Kernel regression tracking, part 1

By Jonathan Corbet
October 31, 2017

2017 Kernel Summit

The kernel development community has run for some years without anybody tracking regressions; that changed one year ago when Thorsten Leemhuis stepped up to the task. Two conversations were held on the topic at the 2017 Kernel and Maintainers summits in Prague; this article covers the first of those, held during the open Kernel-Summit track.

Leemhuis begin by pointing out that he started doing this work even though he does not work for a Linux company; he is, instead, a journalist for the largest computer magazine in Germany. He saw a mention of the gap that was left after Rafael Wysocki stopped tracking regressions, and thought that he might be a good fit for the job. This work is being done in his spare time. When he started, he had thought that the job would be difficult and frustrating; in reality, it turned out to be even worse than he expected.

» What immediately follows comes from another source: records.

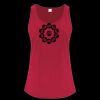 ATC Everyday Heavy Cotton Ladies' Tank Top Thumbnail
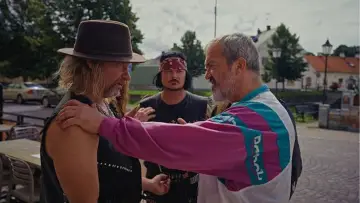 Zasłona do filmu "Vi är Metal Dragon" #1190785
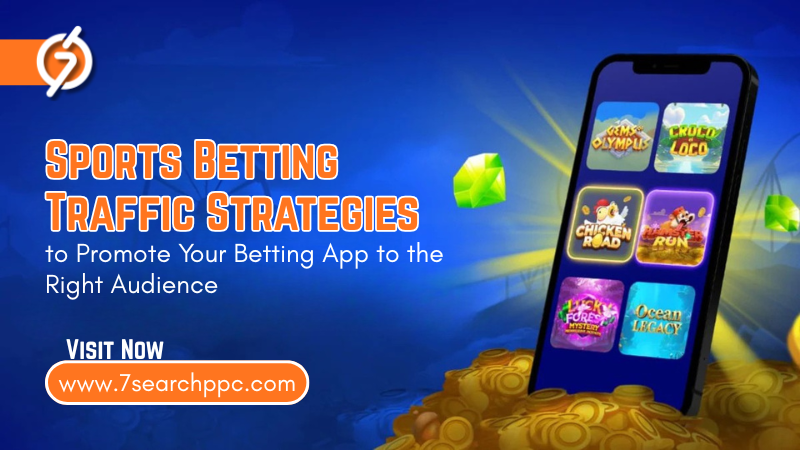 sports betting traffic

Why is it so hard? The first problem is that nobody actually tells him about regressions, so he has to hunt them down himself. That means digging through a lot of mailing lists and bug trackers. Wysocki noted that things are worse than they were years ago when he did the job, there are a lot more information sources. It is more, Wysocki said, than any one person can follow.

Leemhuis went on to say that a lot of regressions are also fixed without him even noticing. Nobody tells him about progress toward fixing regressions, so that, too, must be tracked manually. He had asked developers to include a special identifier in discussions on regressions, but nobody has done it. That is unfortunate, since he had thought it would be a useful mechanism; perhaps, he said, he should have tried harder. Ben Herrenschmidt agreed, saying that it can be hard to get people to change their established workflow to incorporate a new mechanism. James Bottomley noted that maintainers would, in general, rather avoid having their bugs termed "regressions", since that increases the pressure for an immediate fix.

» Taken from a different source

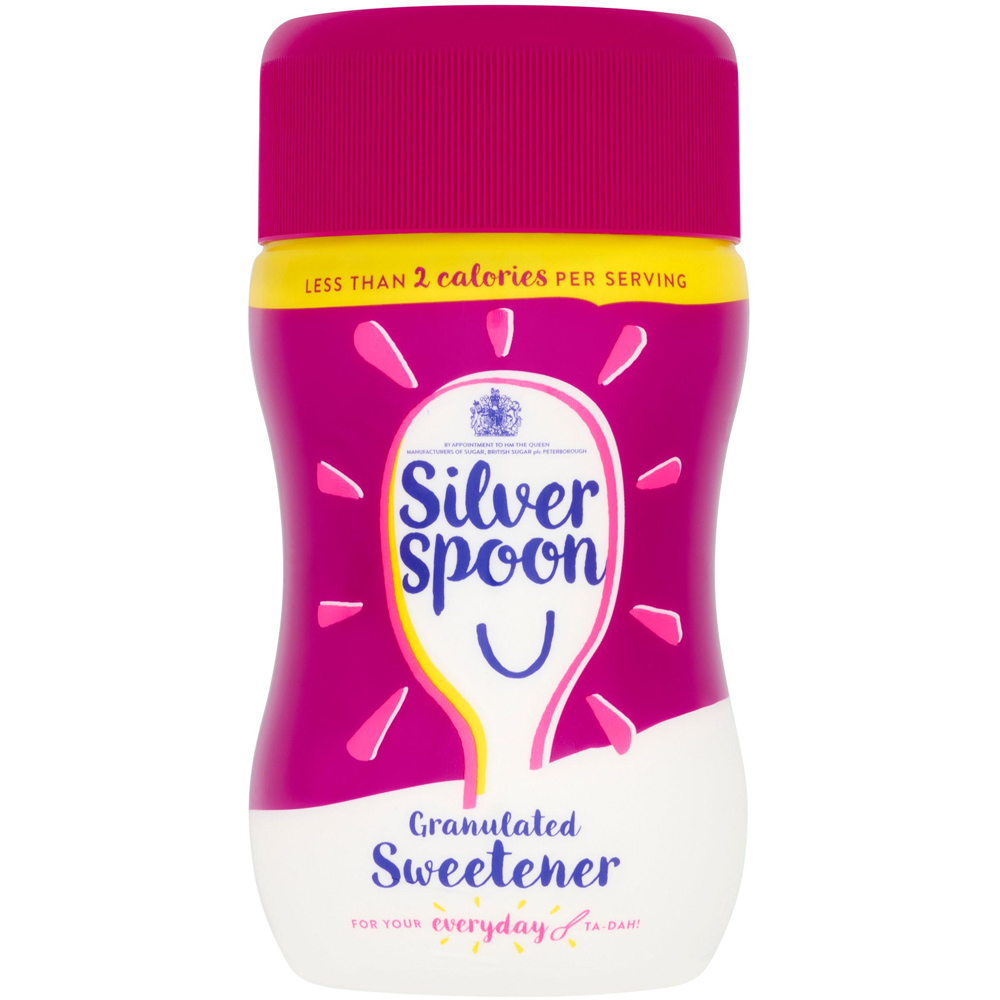 Silver Spoon Granulated Sweetener 75g Image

Leemhuis raised the idea of creating a dedicated mailing list for regressions, with reporters asked to copy their reports there. Wysocki agreed that this might be useful, but said that the information on how to report regressions properly needs to be better communicated. Laura Abbott concurred, saying that the documentation in this area should be improved.

Herrenschmidt noted that most bug reports come from distributor kernels rather than the mainline. For distributions like Fedora, which ships something close to a current mainline kernel, these reports can be relevant, though are still a version or two behind the current development kernels. Reports of bugs in enterprise kernels, instead, have little value. Bottomley added that Linus Torvalds is mostly interested in mainline regressions; the resources just don't exist to track regressions in distributor kernels as well.

There was general agreement that only mainline regressions should be tracked, but Ted Ts'o said that the community could look for volunteers to track regressions in older kernel versions. The work is still useful, he said, and would train others to help with regression tracking. The problem with this idea, Bottomley replied, is that one has to be an idiot to want to do this work — an idea that Leemhuis seemed to concur with. There won't, Bottomley added, be a flood of volunteers in this area. Matthew Wilcox's suggestion that the situation could change because there are a lot of journalists being laid off was not seen as entirely helpful.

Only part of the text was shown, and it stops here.